EPA Chief of Staff Says He, Not Pruitt, Authorized Big Raises

  • Higher salaries for aides have been reversed, official says
  • Pruitt had come under fire over reports about the raises

Trump Confident in EPA Head Pruitt

The Environmental Protection Agency’s chief of staff said on Monday night that he, and not his boss, EPA Administrator Scott Pruitt, was responsible for substantial raises that were given to two top aides.

Scott Pruitt

Photographer: Andrew Harrer/Bloomberg

The chief of staff, Ryan Jackson, also said that the raises, worth tens of thousands of dollars, had been "reversed."

Pruitt had come under fire for the raises, which were granted despite White House objections. He has also faced intense criticism -- and calls for his resignation -- for taking first-class flights, spending millions of taxpayer dollars on his security detail, and renting a room in a Capitol Hill condominium owned by the wife of an energy lobbyist for $50 a night.
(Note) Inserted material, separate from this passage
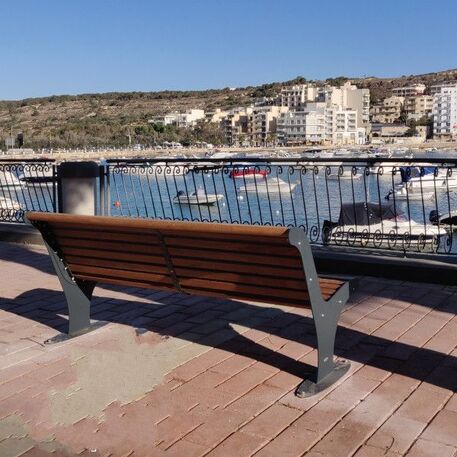 Metal bench 'ATHENA WOOD'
"Administrator Pruitt had zero knowledge of the amount of the raises, nor the process by which they transpired," Jackson said in an emailed statement that was first reported by Politico, adding that "these kind of personnel actions" are handled by the agency’s human resources officials, the Office of Presidential Personnel and him.

"Both individuals were to be paid at a level similar to their peers given their responsibilities over the past year. Their original salaries started lower than peers due to previous salary history having moved to the Washington, D.C. area."

The two aides had worked for Pruitt when he was Oklahoma’s attorney general. Jackson, who is also from Oklahoma, came to the EPA from the Senate, where he had worked for one of the state’s two Republican senators, James Inhofe.

The changes in salary have now been reversed, pursuant to an instruction from Pruitt, Jackson said. Future salary change requests will be submitted through the Office of Presidential Personnel for evaluation, he added.

President Donald Trump has so far defended Pruitt, who has been an ardent advocate of the administration’s deregulation agenda.

Pruitt, in an interview last week on Fox News, said he did not authorize the raises, and that he did not know who did.

"It should not have been done," Pruitt said. "There will be some accountability."